Documented supply routes and weapons traced to Emirati sources
Dawn and partner organisations point to a body of evidence mapping supply corridors that cross Chad and Libya into Sudan, carrying weapons, vehicles and fuel linked to the UAE. Human rights organisations have identified Emirati-made armoured personnel carriers in RSF hands and documented re-export chains involving Chinese munitions and components passing through Abu Dhabi. Dawn’s submissions to governments include technical analyses and field reporting that it says demonstrate how these flows materially bolster the RSF’s operational capabilities.
Legal basis invoked for state responsibility and complicity
The group bases part of its legal argument on Article 16 of the International Law Commission’s Articles on State Responsibility and on provisions of the Genocide Convention that criminalise aiding and abetting genocide. Dawn’s legal team points to precedent in which international tribunals have applied standards for state complicity and says states that knowingly supply weapons to a party committing atrocity crimes risk incurring responsibility. The organisation has urged governments to apply domestic export controls and to refuse authorisations that would enable further transfers to the UAE.

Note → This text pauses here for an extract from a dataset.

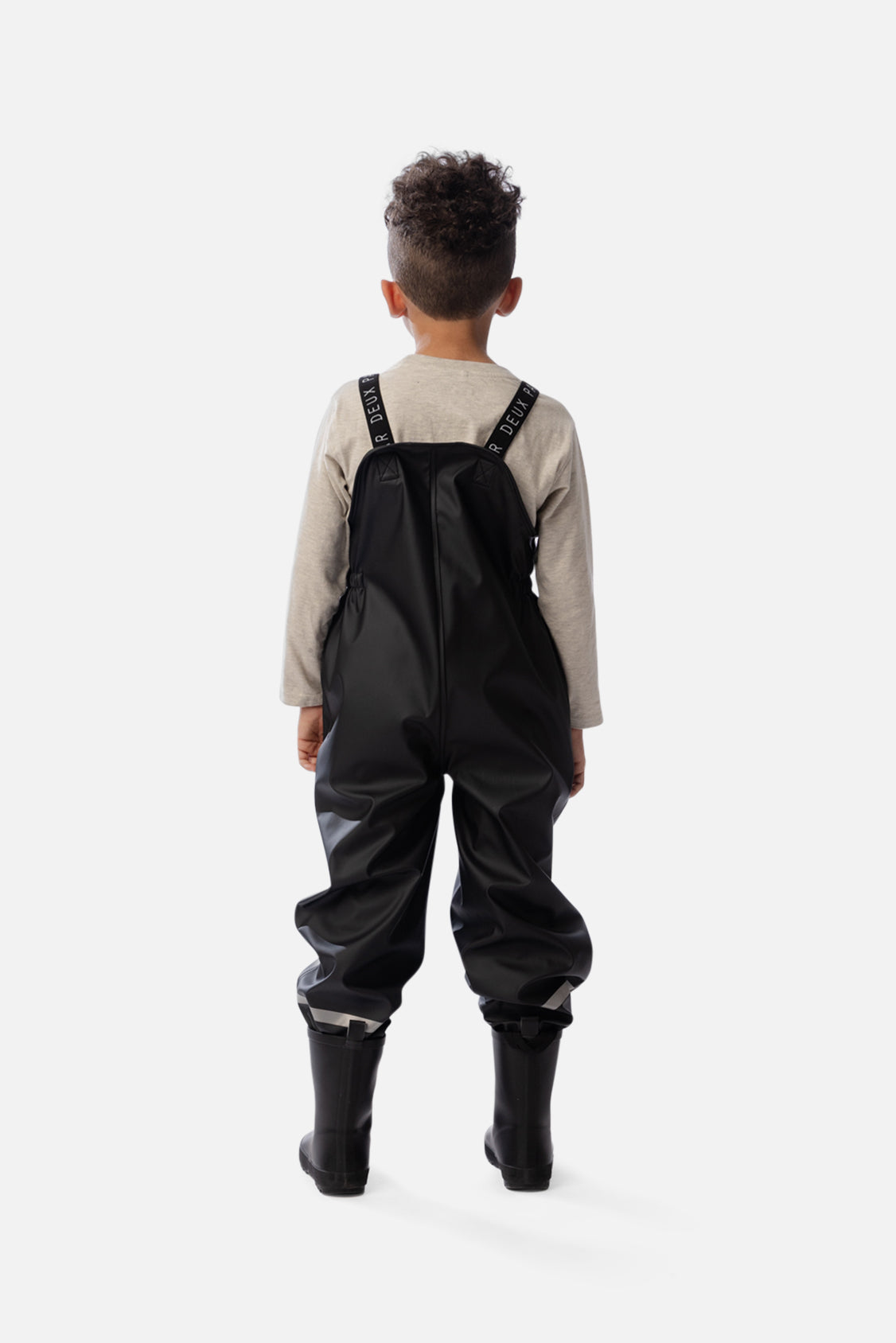 Back view of a child wearing the black rain overalls over a beige long-sleeve top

Targeting major supplier states and export authorisations
Dawn has directly engaged five governments it says are best positioned to choke off the routes of supply: the United States, which it estimates supplies roughly half of conventional arms routed to the UAE; France and the United Kingdom, which provide significant equipment and systems; China, whose components and munitions re-exports have been identified in the conflict; and Italy, which previously revoked export licences under domestic law. The group is pressing each to suspend arms sales, block re-export permits and review security arrangements with Abu Dhabi pending a full accounting of the UAE’s role.
Washington’s policy tensions on export controls and security ties
Dawn’s campaign highlights an emerging paradox in US policy: senior American officials have publicly recognised the severity of atrocities in Sudan while other branches of the US government have taken steps to ease export restrictions that could benefit the UAE. Advocacy directors contend that statutory review mechanisms and congressional resolutions currently before the US legislature would, if enacted, block pending sales and close waiver loopholes in the Arms Export Control Act. The group says failure to act would create a stark credibility gap between Washington’s human rights pronouncements and its defence trade decisions.
UN procedural requests and a push for ICC referral
Beyond state-level export measures, Dawn is urging the UN General Assembly to invoke Uniting for Peace to adopt a resolution condemning violations of the UN Charter and existing arms embargoes, and to press the Security Council to refer the situation in Sudan to the International Criminal Court. The group also seeks expansion of the Darfur arms embargo to cover all of Sudan, with explicit reference to external state enablers. Those procedural routes reflect Dawn’s strategy of combining legal pressure, diplomatic engagement and public advocacy to produce immediate operational constraints on arms flows.
The humanitarian stakes underpinning the call are stark: the conflict that began in April 2023 has resulted in tens of thousands of deaths, the displacement of more than 13 million people and a humanitarian emergency that has pushed millions toward famine. Dawn says timely restrictions on weapons transfers are essential to reduce the capacity of armed groups to sustain mass violence and to uphold international obligations that prohibit complicity in atrocity crimes.